Buying a Commodore Amiga 30 years later, just to play games

Thirty years after its mostly-European heydey, the Commodore Amiga remains a cult favorite with a huge library of excellent and often weird games to discover. But what if emulation isn't your idea of fun? This guy went out and bought a real one.

The Amiga still has an active and faithful community, and it's thanks to them that it's possible to pick up an Amiga and get it upgraded and running all these years later. I also think it's a testament to how important the machine was in the UK and around Europe.

If you're looking to learn more about the booming home-brew game scene during 80's Britain then I can highly recommend "From Bedroom to Billions", it's a little low budget but seems to capture the time perfectly.

The follow-up documentary, "From Bedroom to Billions: the Amiga Years" is also a must watch if you have fond memories of the Amiga.
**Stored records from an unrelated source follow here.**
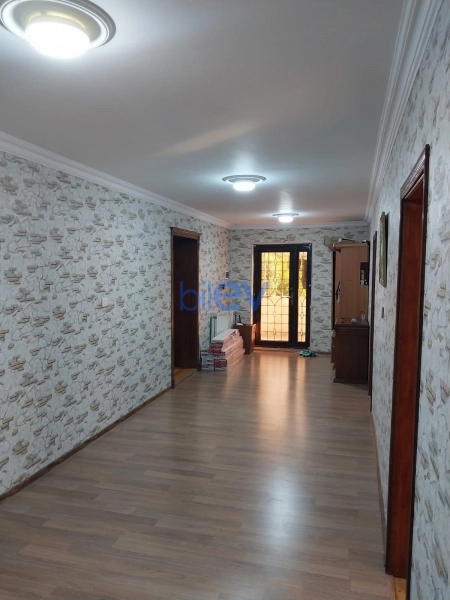 Satış 8 otaqlı Həyət evi  250m², Bakı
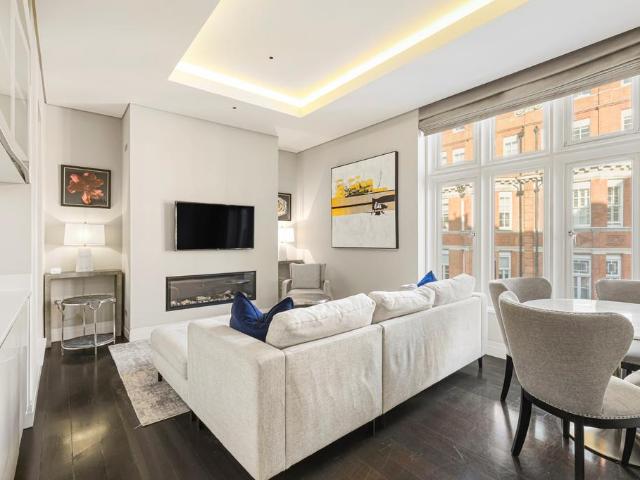62 Green Street, London, W1K 6RE, United Kingdom | 2 bed apartment for rent #122489185 | Rentberry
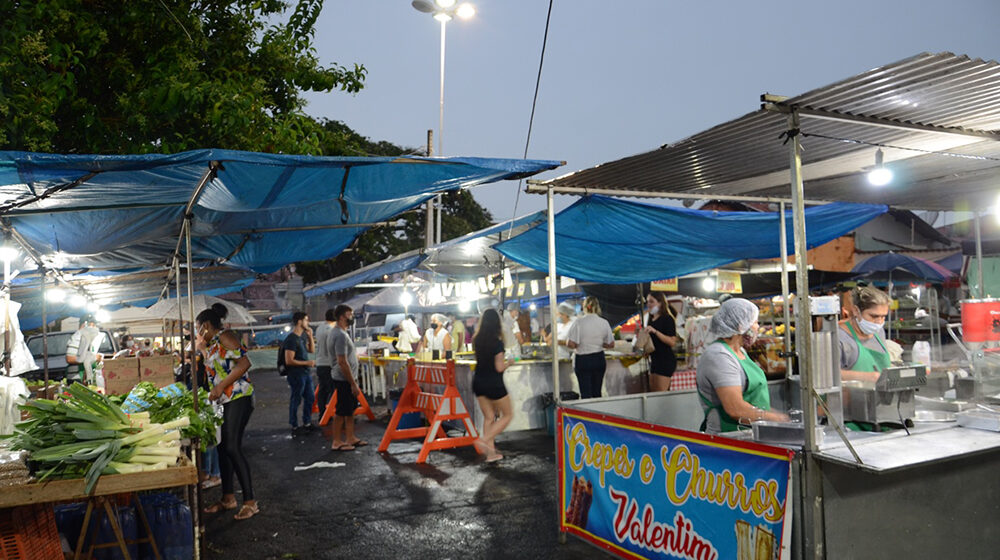 Lanche com carne louca é a atração do Educandário na Feira Noturna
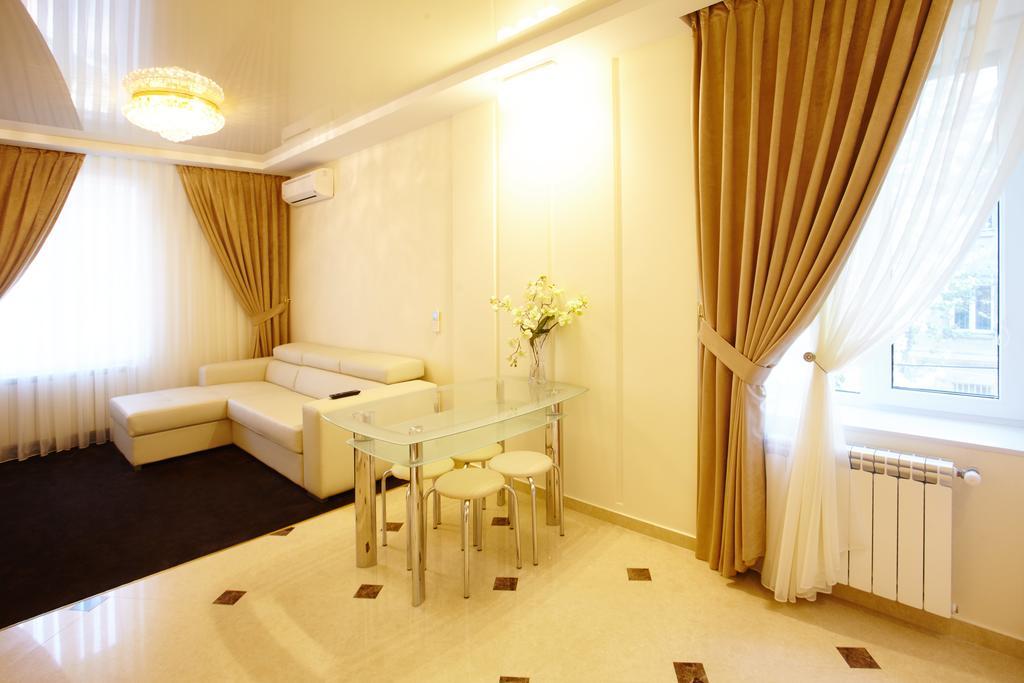 Central Park Apartments Chisinau Phòng bức ảnh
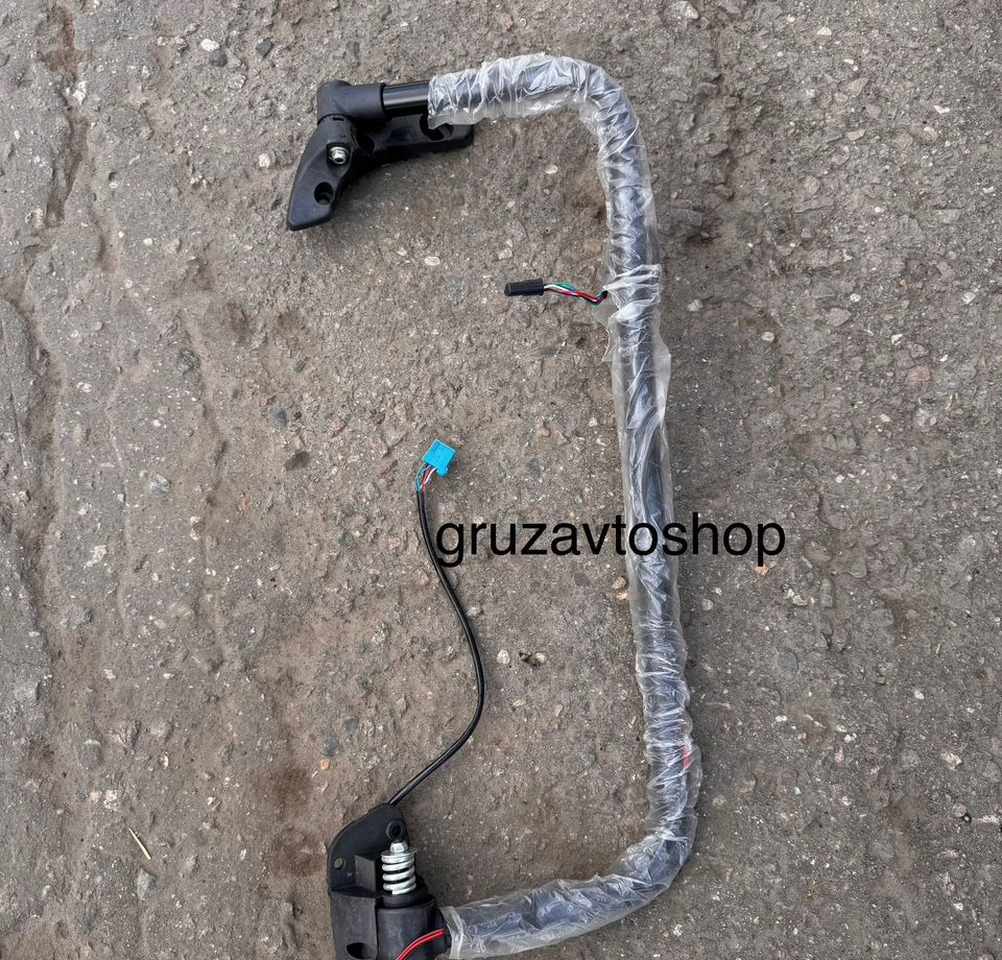 KAMAZ Кронштейн зеркала (дуга) правый (на 5490) камаз - Зеркало заднего вида для Грузовиков: фото 1 KAMAZ Кронштейн зеркала (дуга) правый (на 5490) камаз - Зеркало заднего вида для Грузовиков: фото 1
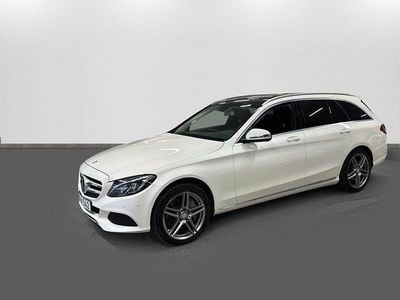 Begagnad Mercedes C400 333 HK (244 kW) 2015 Vit Kombi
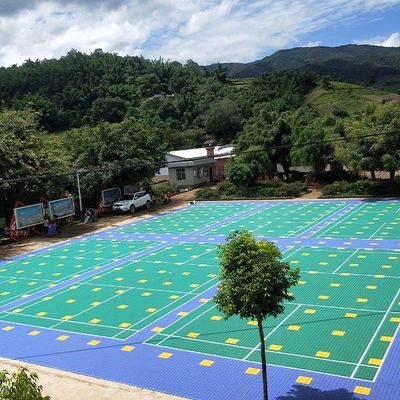 अच्छा मूल्य लाइन मार्किंग सर्विस के साथ स्पोर्ट कोर्ट पीपी टाइल्स स्पोर्ट्स फ्लोरिंग इंटरलॉकिंग ऑनलाइन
Interesting how buying a later, more powerful model, obliged him to further upgrade it before games were playable. The low-end 512Kb Amigas were invariably put to use as game consoles, booting right into games, the code given bare-metal access. But it seems fancier models more or less obliged users to launch games from the operating system's GUI, Workbench. And there even 2Mb wasn't enough.

If you like Workbench, though, there's a new simulation of it online. Just for fun! "OS 1.3" is the right one for the legendary A500 era.